Встречались, конечно, и идейные сотрудники. Наверное, про них меня спрашивали жулики, которых я задерживал:
– Вы не ерусалимский? Честно?
– Да нет же! – отвечал я. – Каждому надо повторять. Я из другого города. Работаю в транспортной милиции и обслуживаю только вашу железнодорожную станцию.
– Не ерусалимский? – боялись поверить они. – Правда?
Беспокойство жуликов я понял немного погодя, увидев ролики допросов. Да, в глазах жуликов я выглядел истинным христианином.
Ерусалимцы поголовно поклонялись злу. Активно и пассивно.
Образец пассивности – стрелочница Наталья Робертовна. Вестница бед и жрица печали. На пороге моего кабинета она появлялась с единственной целью: поведать о том, что только-только обнаружила битые светофоры, разобранные железнодорожные пути или полчеловека. Глаза Натальи Робертовны сияли, она трепетно, будто замёрзла, улыбалась и всем своим одухотворённым видом сообщала: как хорошо жить, когда вот так!
Наталья Робертовна ярко запомнилась мне в тот день, когда несчастье случилось с её сыном. Десятиклассник, он ухаживал за девушкой, но на горизонте появился соперник. В другом городе худшее, что могло случиться, парни бы подрались, и дело с концом. Сына же Натальи Робертовны посадили на кол. Выжить он выжил, но всё равно история жуткая. Рассказывая, Наталья Робертовна, ерусалимская женщина и мать, расточалась в гордости за сына, что это её сын, а не чей-то. Глаза горели, щёки румянились, она молодела на глазах.
Другое. Завёлся на станции самоубийца. До того невезучий, что прыгал дважды с пятого этажа и отбил пятки. Потеряв веру в закон Ньютона, он пришёл бросаться под поезд. В первый раз неудачник отлетел от локомотива, как мячик, получив не смертельный синяк под глазом. В другой раз он схлопотал сотрясение мозга. Потом Наталья Робертовна взяла самоубийцу за руку, отвела за старое депо и уговорила повеситься. Тот послушно взял из её рук верёвку и сделал, как пожелала добрая железнодорожница.

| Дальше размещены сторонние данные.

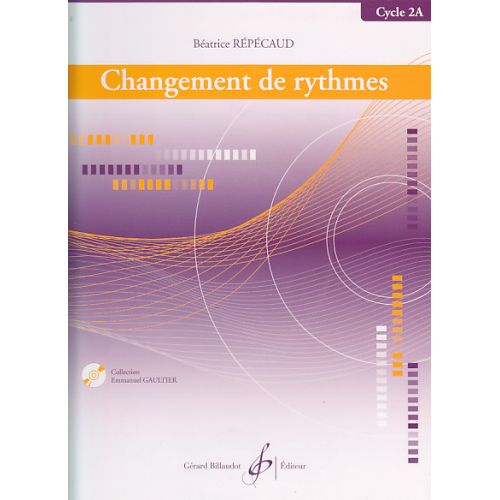 REPECAUD BEATRICE - CHANGEMENT DE RYTHMES - CYCLE 2A + CD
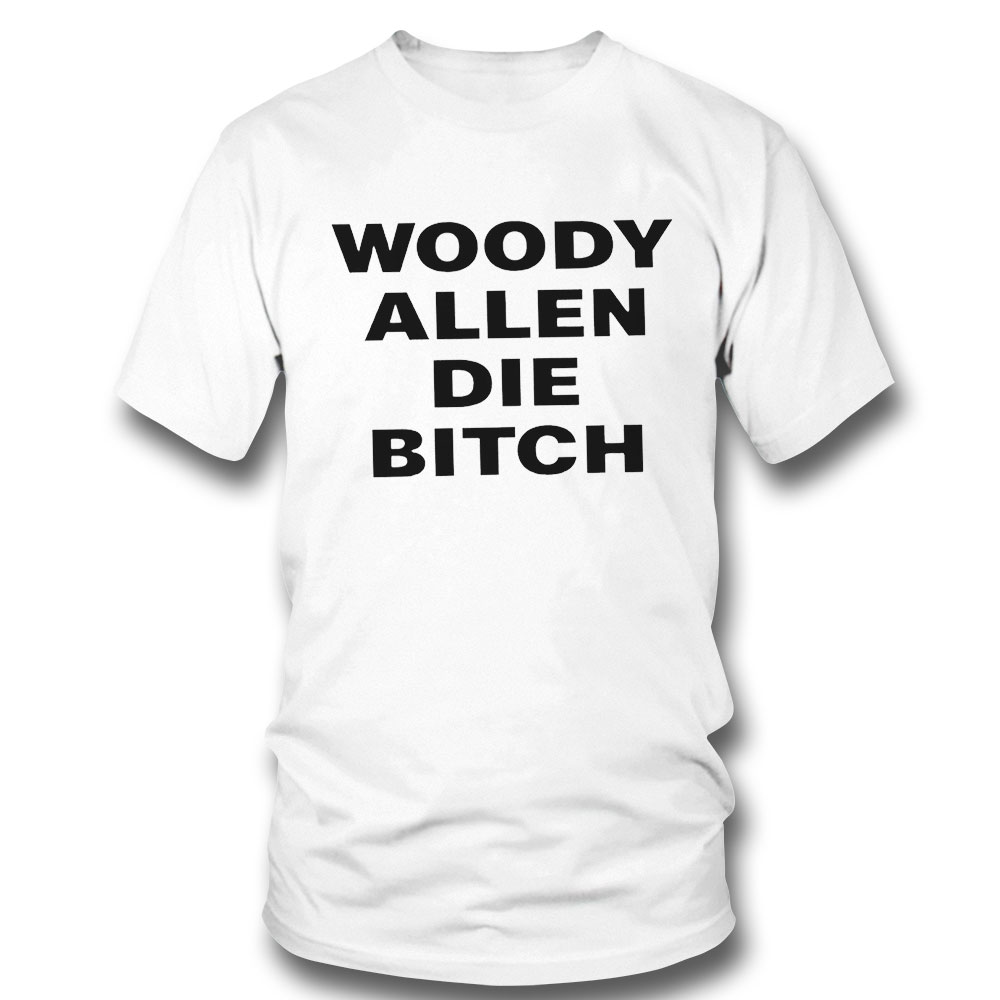 Woody Allen Die Bitch 2022 T-shirt Hoodie, Long Sleeve, Tank Top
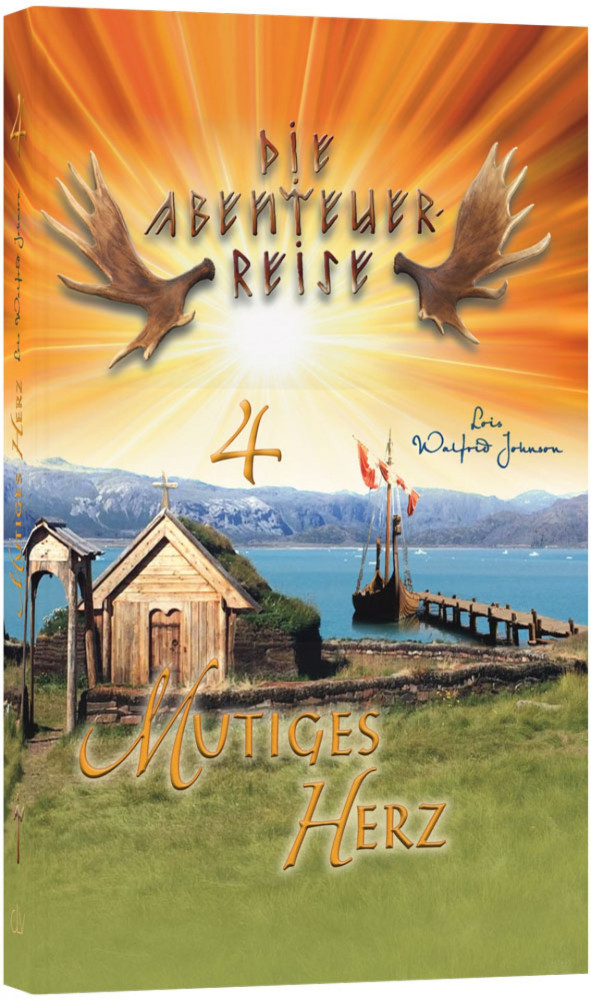 Mutiges Herz - Die Abenteuer-Reise Band 4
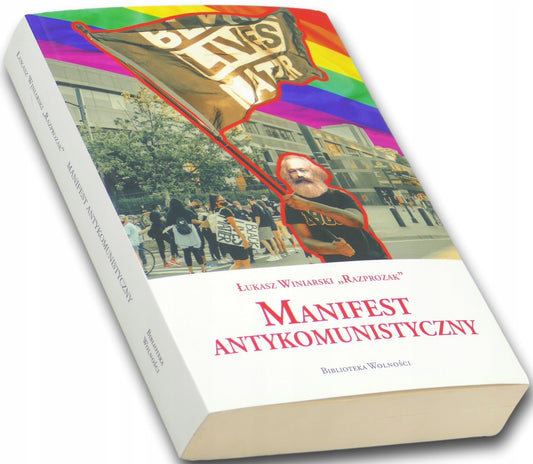 Manifest antykomunistyczny, Łukasz Winiarski “Razprozak”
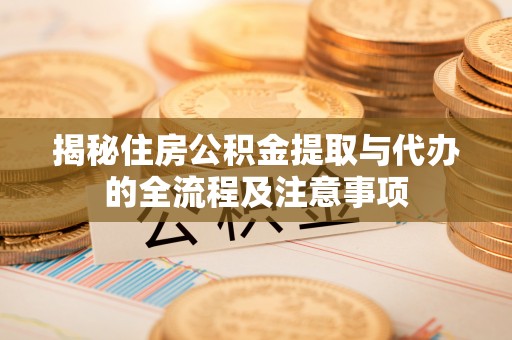 邱县揭秘住房公积金提取与代办的全流程及注意事项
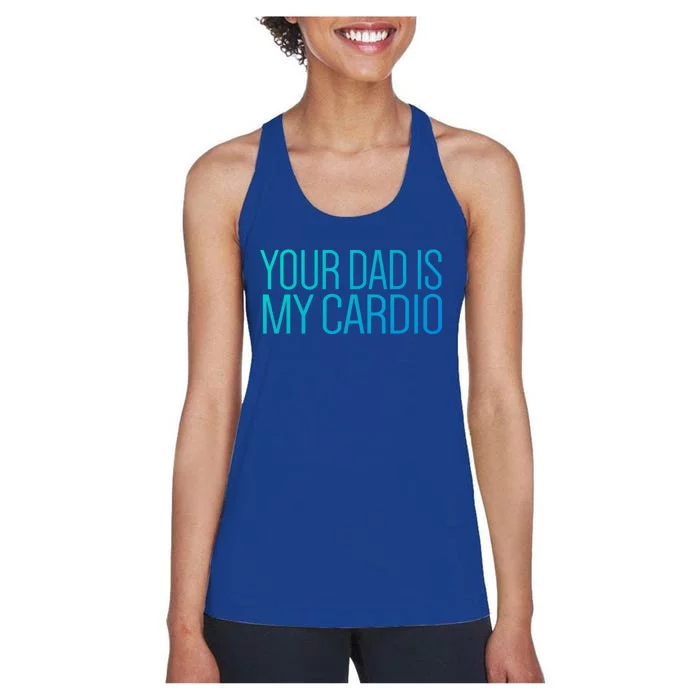 Your Dad Is My Cardio Relationship Funny Gym Workout Gift Women's Racerback Tank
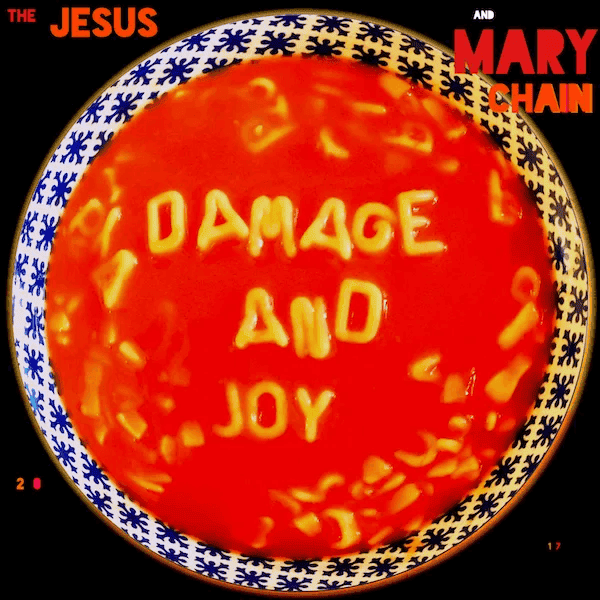 THE JESUS AND MARY CHAIN - Damage And Joy Vinyl - JWrayRecords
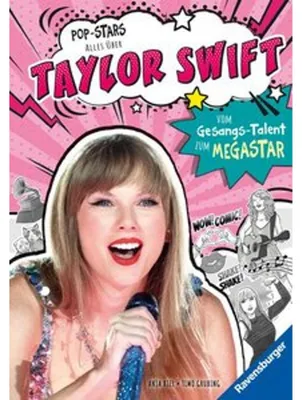 Obrázek produktu pro Pop-Stars. Alles über Taylor Swift. Vom Gesangs-Talent zum Megastar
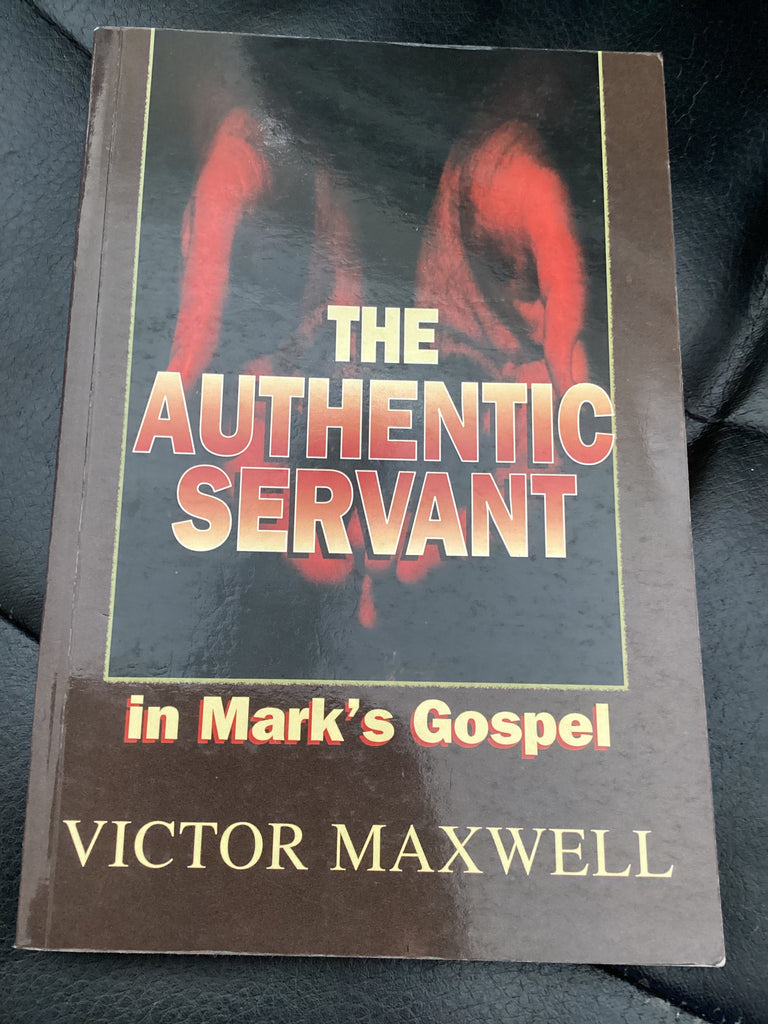 The Authentic Servant in Mark's Gospel (Used Copy)
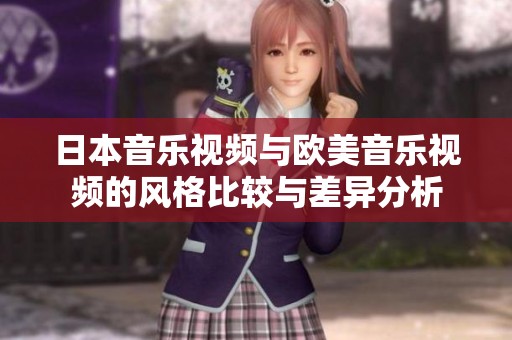 日本音乐视频与欧美音乐视频的风格比较与差异分析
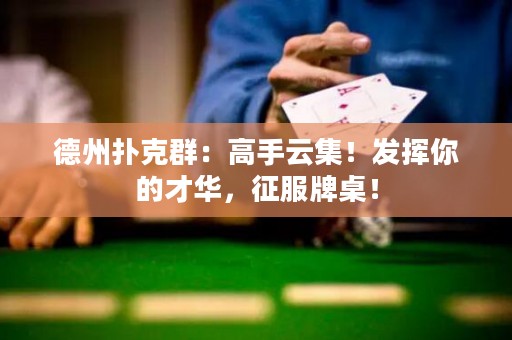 德州扑克群：高手云集！发挥你的才华，征服牌桌！
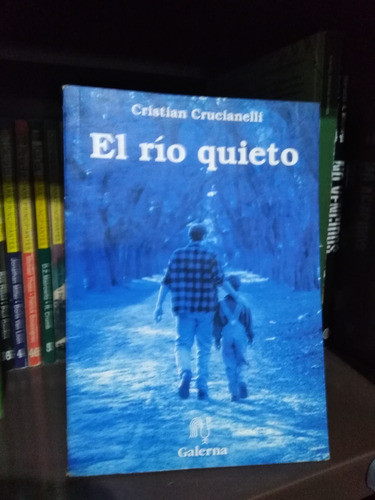 El Rio Quieto - Cristian Crucianelli -sólo Envíos 0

Начальник станции Татьяна Леонидовна, женщина солидная, заядлая автомобилистка, жаловалась мне, что нынче дорого хоронить. Дорогие фейерверки. Заметив, что я долго думаю, она спросила:
– Что? У вас в городе хоронят без салютов? – и поглядела на меня, как на дикаря.3. Завод
Единственный в городе завод был закрыт для ерусалимцев. Его проходная находилась на противоположной стороне путей, и я не видел, чтобы через неё ходили бы люди. При этом раз в несколько дней невесть откуда прилетал и садился за высоким забором вертолёт. Труба заводской котельной жизнелюбиво дымила, и приблизительно трижды в месяц в ворота въезжали огромные фуры.
– А кто на заводе работает? – как-то спросил я Наталью Робертовну. – Приезжие?
– Да хер тебе! – задорно ответила она.
У неё надулась шея, покраснели глаза и ржаво заскрипели зубы. Мне стало интересно.
Неделю спустя я наврал ей:
– Ищу свидетеля поездной кражи, а застать его дома не получается. Со слов родных, он работает на заводе токарем. Надо бы мне его подловить у проходной. Не знаете, в какое время там заканчивается смена?